Hi as I have stated previously my wife and I pensioners, are planning to move to Spain permanently. We are considering buying in the Camposol area of Murcia. We would appreciate any info from residents of the area.


----------



## extranjero (Nov 16, 2012)

There is a very big thread on Camposol on this forum
Read it, and if you have queries, I may be able to help


----------



## Bazzer1611 (May 7, 2015)

Hi Thank's for the thread's info on Camposol wil not be bothering to look in that area. Can anyone living in the Arboleas area give me any info on what it's like to live there.


----------



## extranjero (Nov 16, 2012)

Bazzer1611 said:


> Hi Thank's for the thread's info on Camposol wil not be bothering to look in that area. Can anyone living in the Arboleas area give me any info on what it's like to live there.
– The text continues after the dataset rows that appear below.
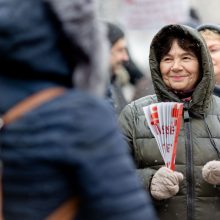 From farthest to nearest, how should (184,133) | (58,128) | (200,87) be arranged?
(200,87) < (184,133) < (58,128)

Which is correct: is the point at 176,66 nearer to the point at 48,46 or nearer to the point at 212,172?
the point at 212,172

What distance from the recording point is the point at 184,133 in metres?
4.34

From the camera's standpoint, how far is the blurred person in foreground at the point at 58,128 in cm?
222

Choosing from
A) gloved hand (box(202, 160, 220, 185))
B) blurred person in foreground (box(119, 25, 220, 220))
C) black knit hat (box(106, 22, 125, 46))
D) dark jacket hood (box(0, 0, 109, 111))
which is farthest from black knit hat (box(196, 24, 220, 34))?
dark jacket hood (box(0, 0, 109, 111))

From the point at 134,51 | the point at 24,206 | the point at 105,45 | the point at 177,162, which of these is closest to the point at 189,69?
the point at 177,162

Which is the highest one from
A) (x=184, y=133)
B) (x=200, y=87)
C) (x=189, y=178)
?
(x=200, y=87)

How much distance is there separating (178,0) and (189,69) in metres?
7.13

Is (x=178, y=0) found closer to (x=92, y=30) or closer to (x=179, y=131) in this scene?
(x=179, y=131)

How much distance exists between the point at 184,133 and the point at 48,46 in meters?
2.15

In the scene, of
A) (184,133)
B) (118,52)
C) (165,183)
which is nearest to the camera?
Result: (165,183)

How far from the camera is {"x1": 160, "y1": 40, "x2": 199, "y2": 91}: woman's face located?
14.9 feet

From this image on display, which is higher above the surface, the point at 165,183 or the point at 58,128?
the point at 58,128

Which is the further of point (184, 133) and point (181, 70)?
point (181, 70)

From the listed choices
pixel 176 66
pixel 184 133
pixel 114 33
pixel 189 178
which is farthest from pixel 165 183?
pixel 114 33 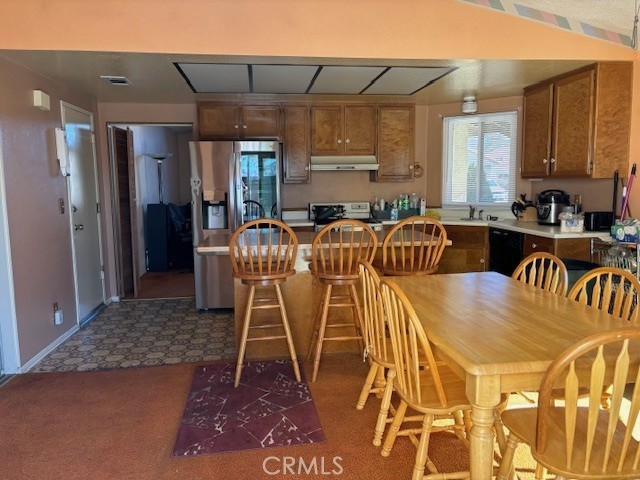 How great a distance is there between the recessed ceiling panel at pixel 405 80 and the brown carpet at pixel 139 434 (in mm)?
2352

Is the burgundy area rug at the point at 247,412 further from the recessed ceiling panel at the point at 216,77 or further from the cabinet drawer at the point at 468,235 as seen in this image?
the cabinet drawer at the point at 468,235

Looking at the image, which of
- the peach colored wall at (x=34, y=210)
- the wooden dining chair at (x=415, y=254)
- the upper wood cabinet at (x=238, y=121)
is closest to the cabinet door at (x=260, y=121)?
the upper wood cabinet at (x=238, y=121)

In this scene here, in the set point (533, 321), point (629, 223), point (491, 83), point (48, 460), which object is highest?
point (491, 83)

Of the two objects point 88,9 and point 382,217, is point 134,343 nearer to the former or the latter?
point 88,9

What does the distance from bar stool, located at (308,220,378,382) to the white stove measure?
1600 mm

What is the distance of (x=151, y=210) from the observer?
679 cm

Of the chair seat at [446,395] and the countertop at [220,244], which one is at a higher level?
the countertop at [220,244]

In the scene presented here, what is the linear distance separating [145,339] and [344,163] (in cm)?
268

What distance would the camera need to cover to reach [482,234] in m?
4.69

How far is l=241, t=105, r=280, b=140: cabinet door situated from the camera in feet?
16.0

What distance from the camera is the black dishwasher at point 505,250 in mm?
4160

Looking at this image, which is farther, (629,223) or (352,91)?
(352,91)

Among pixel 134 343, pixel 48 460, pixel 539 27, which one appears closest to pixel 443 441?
pixel 48 460

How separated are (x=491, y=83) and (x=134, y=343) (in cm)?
381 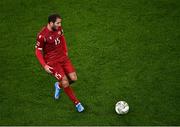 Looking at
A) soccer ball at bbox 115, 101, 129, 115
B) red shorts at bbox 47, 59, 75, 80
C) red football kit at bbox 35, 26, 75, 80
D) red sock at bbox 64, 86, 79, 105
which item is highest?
→ red football kit at bbox 35, 26, 75, 80

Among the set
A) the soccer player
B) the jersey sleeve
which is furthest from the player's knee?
the jersey sleeve

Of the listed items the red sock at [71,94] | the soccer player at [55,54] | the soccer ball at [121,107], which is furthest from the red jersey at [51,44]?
the soccer ball at [121,107]

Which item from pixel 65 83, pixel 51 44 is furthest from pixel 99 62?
pixel 51 44

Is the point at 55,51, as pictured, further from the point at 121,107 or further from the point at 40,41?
the point at 121,107

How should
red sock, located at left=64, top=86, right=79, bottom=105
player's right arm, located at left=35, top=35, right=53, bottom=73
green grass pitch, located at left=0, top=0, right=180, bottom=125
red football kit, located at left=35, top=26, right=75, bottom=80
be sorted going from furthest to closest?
green grass pitch, located at left=0, top=0, right=180, bottom=125, red sock, located at left=64, top=86, right=79, bottom=105, red football kit, located at left=35, top=26, right=75, bottom=80, player's right arm, located at left=35, top=35, right=53, bottom=73

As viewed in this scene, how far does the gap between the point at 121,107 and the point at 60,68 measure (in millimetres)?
1476

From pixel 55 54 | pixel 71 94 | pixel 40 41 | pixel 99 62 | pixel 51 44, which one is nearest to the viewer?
pixel 40 41

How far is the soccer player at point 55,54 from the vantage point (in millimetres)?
6520

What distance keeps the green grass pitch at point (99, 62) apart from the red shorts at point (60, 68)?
82 centimetres

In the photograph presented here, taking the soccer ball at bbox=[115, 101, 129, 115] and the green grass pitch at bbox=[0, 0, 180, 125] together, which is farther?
the green grass pitch at bbox=[0, 0, 180, 125]

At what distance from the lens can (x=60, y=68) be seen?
22.3ft

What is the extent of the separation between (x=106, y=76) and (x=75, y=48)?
130 centimetres

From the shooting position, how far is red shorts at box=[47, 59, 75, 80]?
6.73 meters

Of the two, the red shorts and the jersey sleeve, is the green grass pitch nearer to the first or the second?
the red shorts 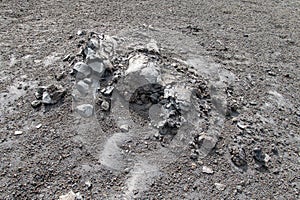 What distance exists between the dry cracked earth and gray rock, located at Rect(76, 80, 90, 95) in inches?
0.4

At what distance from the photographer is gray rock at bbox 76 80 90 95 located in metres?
3.16

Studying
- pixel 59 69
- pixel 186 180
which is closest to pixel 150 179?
pixel 186 180

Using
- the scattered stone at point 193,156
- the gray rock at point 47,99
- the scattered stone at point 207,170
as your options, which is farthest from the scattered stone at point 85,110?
the scattered stone at point 207,170

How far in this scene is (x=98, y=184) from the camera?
262 centimetres

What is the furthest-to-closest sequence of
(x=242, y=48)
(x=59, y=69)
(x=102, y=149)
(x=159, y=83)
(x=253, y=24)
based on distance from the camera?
(x=253, y=24) → (x=242, y=48) → (x=59, y=69) → (x=159, y=83) → (x=102, y=149)

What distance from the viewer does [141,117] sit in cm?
305

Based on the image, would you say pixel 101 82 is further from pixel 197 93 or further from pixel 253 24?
pixel 253 24

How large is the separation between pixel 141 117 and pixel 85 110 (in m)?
0.49

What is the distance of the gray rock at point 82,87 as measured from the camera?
316cm

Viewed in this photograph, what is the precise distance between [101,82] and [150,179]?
1032 millimetres

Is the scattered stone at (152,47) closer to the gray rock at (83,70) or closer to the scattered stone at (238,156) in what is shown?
the gray rock at (83,70)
why are you not bothering with Camposol?
As one who has lived here 13 years, i know more than the rumour mongers.
If you have read the threads properly, you wil know that it is not as depicted, and that problems are confined to certain areas. Surely you are not that easily swayed?
Camposol is a big place, and the majority is fine
There is no shortage of people wanting to buy here.
I suggest you take a look at Murcia Today, Camposol Residents Association, or better still, come and have a proper look in person!


----------



## gus-lopez (Jan 4, 2010)

Bazzer1611;7202282 Can anyone living in the Arboleas area give me any info on what it's like to live there.[/QUOTE said:


> I'd wait until after this weekends elections as they are all fighting with each other, the Brits anyway, at the mo.You might think they were all mad.


----------